A covert channel is any communication channel that can be exploited by a process to transfer information in a manner that violates the systems security policy. In short, covert channels transfer information using non-standard methods against the system design. Covert communication channels techniques have been extensively studied and these channels are commonly intended to be used to protect privacy or to increase the security in critical communication scenarios. Nowadays covert channels and the way to actually implement them are covered by the field of steganography. But as every security concept, these techniques can be used in a malicious way, representing a new frontier for cyber-crime and cyber-espionage. Research is constantly working on finding new ways to covertly transmit information for the benign use of covert channels, and likewise malicious entities are looking to do the same but for a malicious purpose.
In this project we aim at showing that a recent proposed technique to train a machine learning (ML) model in a decentralized way (federated learning by Google), that includes thousands of participants can be used as a novel covert communication channel among participants of the learning scheme. We aim at characterizing this type of covert channel, in terms of the opportunities it presents but also the threats that it might impose in an infantile domain such as that of federated machine learning.
Actually there is no current technique that aim at communicating in a covert manner using as the medium of transmission the federated learning scheme. Mostly research has stated that the benefits of federated learning are very big when it comes to preserving the data privacy and also speeding up the training time and performance of the trained machine learning model, and international companies of the Information Technology sector have also put this research outcome into the actual products.
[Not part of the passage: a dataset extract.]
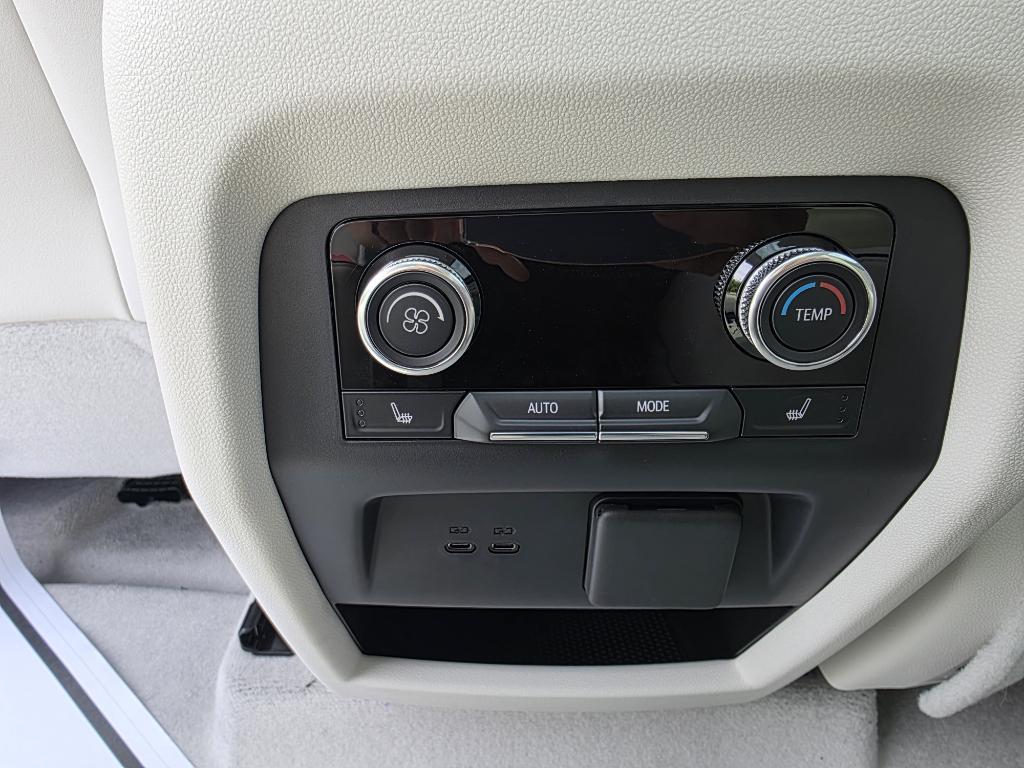new 2025 Buick Enclave car, priced at $66,115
For example, Google is actively using federated learning in order to improve the predictive models that they use in the Google Gboard application, which is the most common typing application found on all Android devices, being that Android operating system is maintained by Google.
In our research we want to show that federated learning can be used as a general purpose covert communication channel, but also while doing so we want to highlight and prove our belief that federated learning comes with some weak points that can be exploited by malicious adversaries to spread in a short amount of type, malicious payloads (such as ransomware, or keyloggers) and potentially cause a lot of problems.
Due to the benefits that have come with the use of federated learning (such as reducing the time to train a high quality model, protecting the privacy of the local data each participant has etc.) the research community has not focused particularly in understanding this paradigm well and find out its theoretical flaws and try to fix them. This is what we want to demonstrate and possibly fix in the course of this research project.